▸ **Task**
Copy everything in the records exactly; the pictures stay out.

▸ **Task data**
────

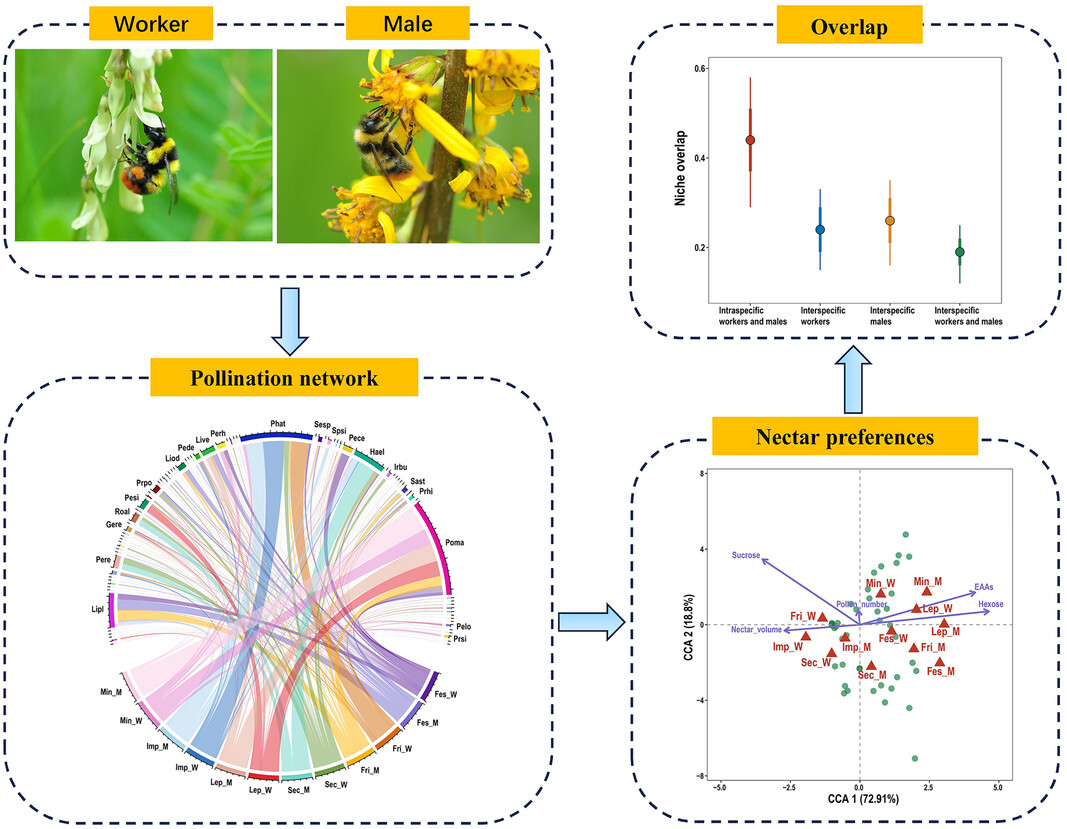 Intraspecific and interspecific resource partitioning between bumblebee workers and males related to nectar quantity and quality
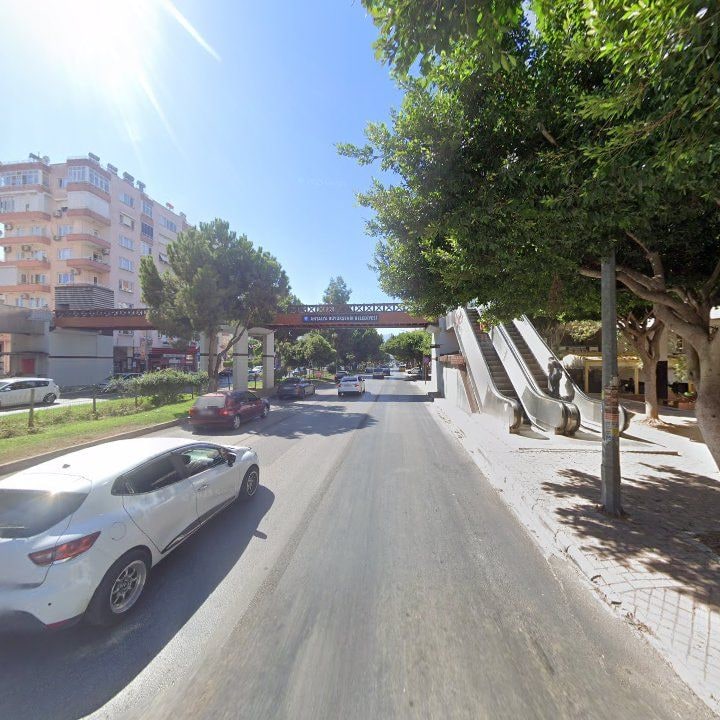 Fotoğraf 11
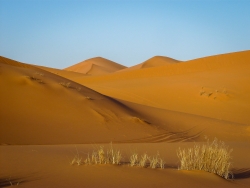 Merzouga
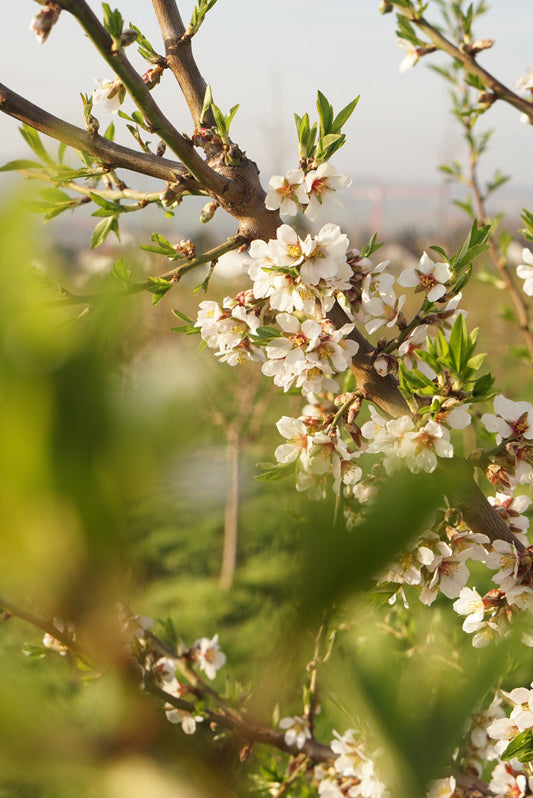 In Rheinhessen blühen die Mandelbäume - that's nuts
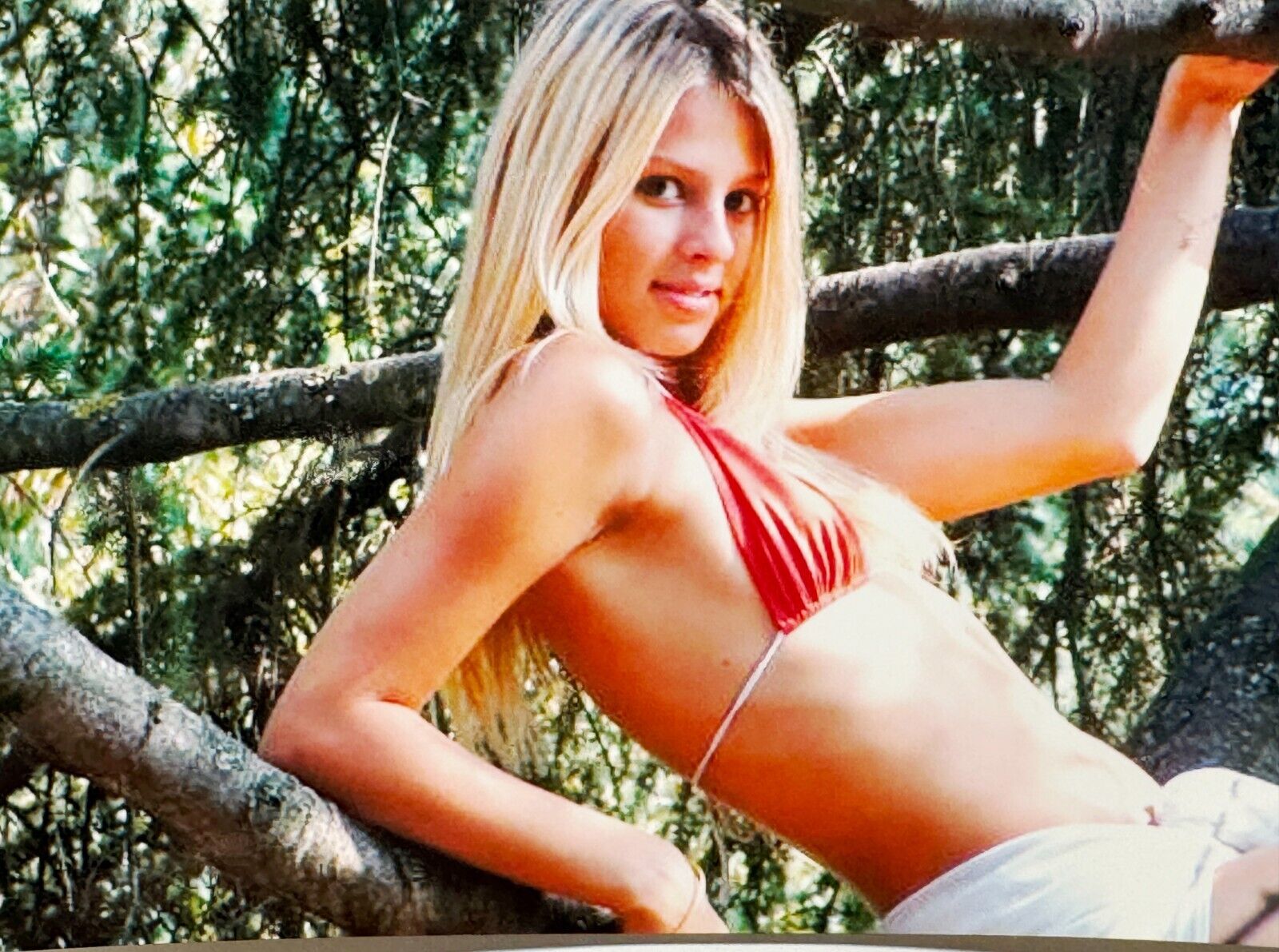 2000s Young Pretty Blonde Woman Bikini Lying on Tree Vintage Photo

────

▸ **Written solution**
 Intraspecific and interspecific resource partitioning between bumblebee workers and males related to nectar quantity and quality
 Fotoğraf 11
 Merzouga
 In Rheinhessen blühen die Mandelbäume - that's nuts
 2000s Young Pretty Blonde Woman Bikini Lying on Tree Vintage Photo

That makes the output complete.